A perspective on the Inspector General report on DOJ hiring missing from the mainstream media coverage from David Frum:

The Inspector General's report on political hiring at the Department of Justice was released yesterday. And yes it does seem to show that the Bush administration went to lengths to hire more conservative young lawyers into the Honors track. ...

On pp. 20-21, we find the numbers that establish that the DoJ career staff in 2002 nominated twice as many identifiable liberals as identifiable conservatives for the Honors track program: 100 vs. 46.

And on page 27, we read that the DoJ bureaucracy advanced nearly three times as many identifiable liberals as conservatives for summer internships that year, 81 vs. 29.

If anything, the ideological bias of the DoJ bureaucracy seems to have become more entrenched with time.

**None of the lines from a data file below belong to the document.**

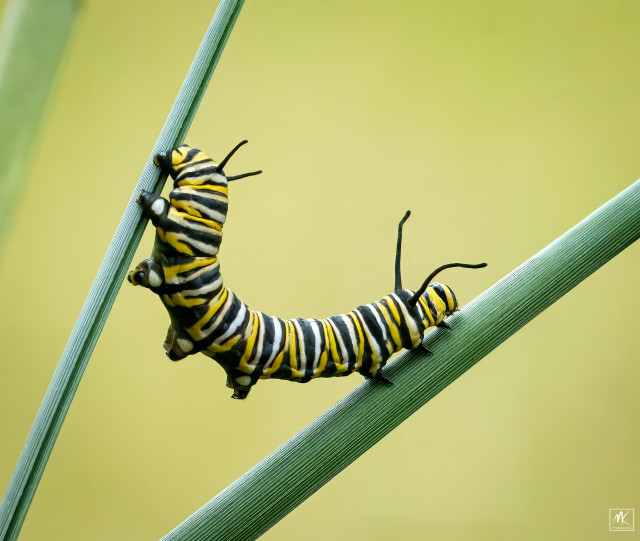 Color photo of a yellow, black, & white striped monarch butterfly caterpillar with its body curved as it crosses over from one stem to another with its front end on one and the back end still on the other. 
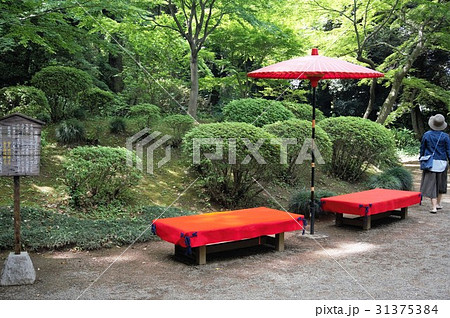 特別名勝「六義園」休憩所 31375384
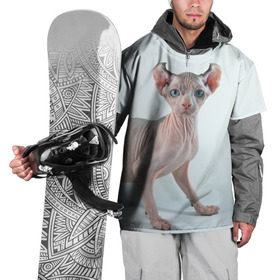 Накидка на куртку 3D с принтом Сфинкс в Кировске, 100% полиэстер |  | Тематика изображения на принте: домашняя | животное | кот | котэ | кошка | сфинкс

In 2006, it nominated five times as many liberals as conservatives for Honors track positions, 150 v. 28, and more three times as many liberals as conservatives for summer internships, 68 v. 16. (See p. 41 and p. 54.)

The evidence suggests that DoJ hiring was contaminated by ideology long before the Bush administration came to town. The Bush administration may have erred and over-corrected. But let's not allow the permanent government and the Democrats (but I repeat myself) to get away with spreading the claim that things were done in a neutral fashion beforehand.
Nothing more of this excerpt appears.